The accuracy of Mediapipe hands can be clearly observed in figure 5 as compared to figure 4. Accurate key point detection makes it easier for the machine learning model to classify between signs with little differences.
Now, let’s dive into a little more depth about the machine learning model I trained. I did not simply use the x and y coordinates returned by Mediapipe hands to train the machine learning model. Although these features can be enough to classify the 36 signs (26 alphabets and 10 digits) but if more signs were to be included in the dataset then more features would be required for better accuracy. Therefore, I included the distances between the 0th key point (the key point at the very bottom in the palm) and the rest of the 20 key points as features. Mediapipe hands model returns the normalized coordinates for these key points i.e. it returns the key points by dividing the x coordinate by the width of the frame and y by the height of the frame but for a better normalization, I calculated the new coordinates by shifting the origin to the 0th point itself. Now we have the position of key points with respect to the 0th key point. Therefore, the location of the hand will not actually have much effect on the coordinates of these key points and the model will be able to work on a more general scale.

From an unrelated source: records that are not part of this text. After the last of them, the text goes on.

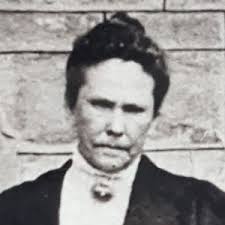 Ann (Colwill) Jenkins (1844-1918)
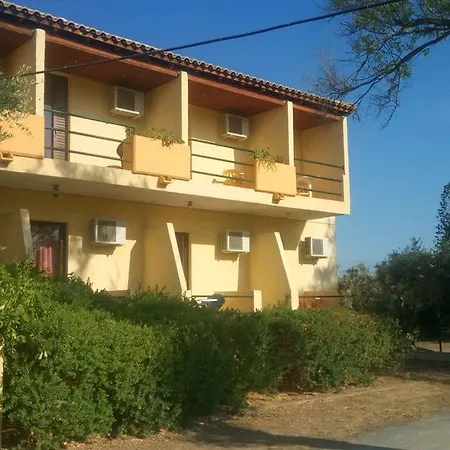 Hotel Minoas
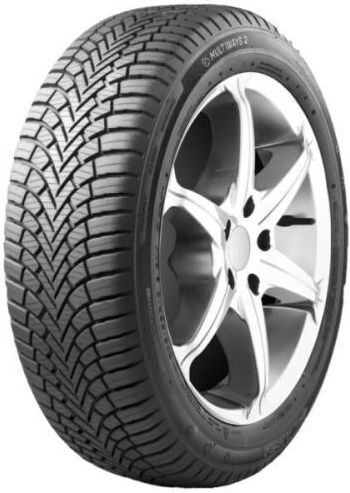 Lassa Runflat 215/50R17 95WW XL Autoreifen 4 Jahreszeiten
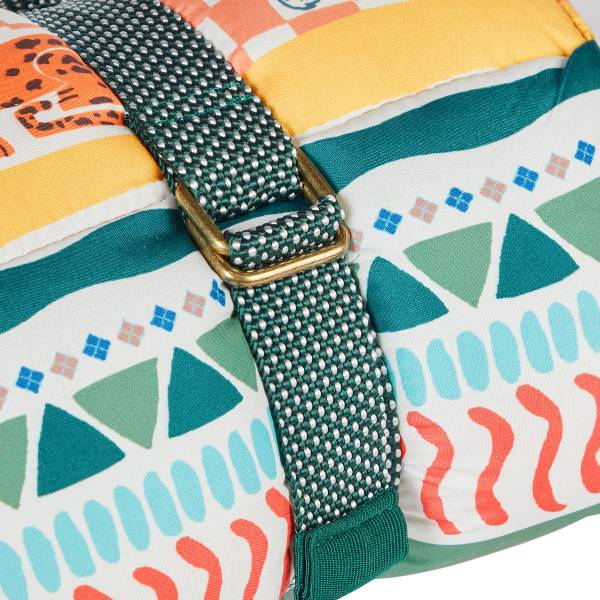 Picknickdecke PICNIC DELUXE Desert Vibes - Baumwolle / Polyester - Mehrfarbig - Image 6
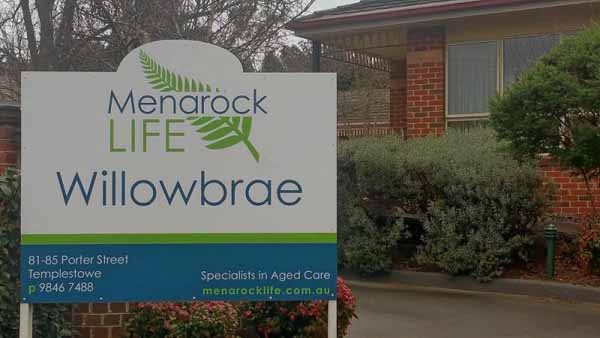 Willowbrae Templestowe Hostel 2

I have explained the general workflow of the whole project in real-time below:
Initially, the frame is captured from the video and passed to the Mediapipe framework. Mediapipe consists of 2 different models in the pipeline. The first is a palm detection model that recognizes the region containing the hand in the video frame and then this cropped region is given as input to a second model that recognizes the position of hand landmarks. In the recent release, it is also able to efficiently determine if it's the right or the left hand. The detected hand landmarks are then passed to two separate functions. The first function calculates the new coordinates after the origin is shifted to the 0th key point and the second function calculates the euclidean distance between the 0th key point and the rest of the key points. Now the new coordinates, distances, and the handedness (left or right) are given as input to the machine learning model which predicts and returns the class corresponding to the sign.
I hope you got some idea of the power and potential that Mediapipe has and I would definitely like to encourage everyone to develop more applications that use Mediapipe and can work efficiently in real-time. Good Luck!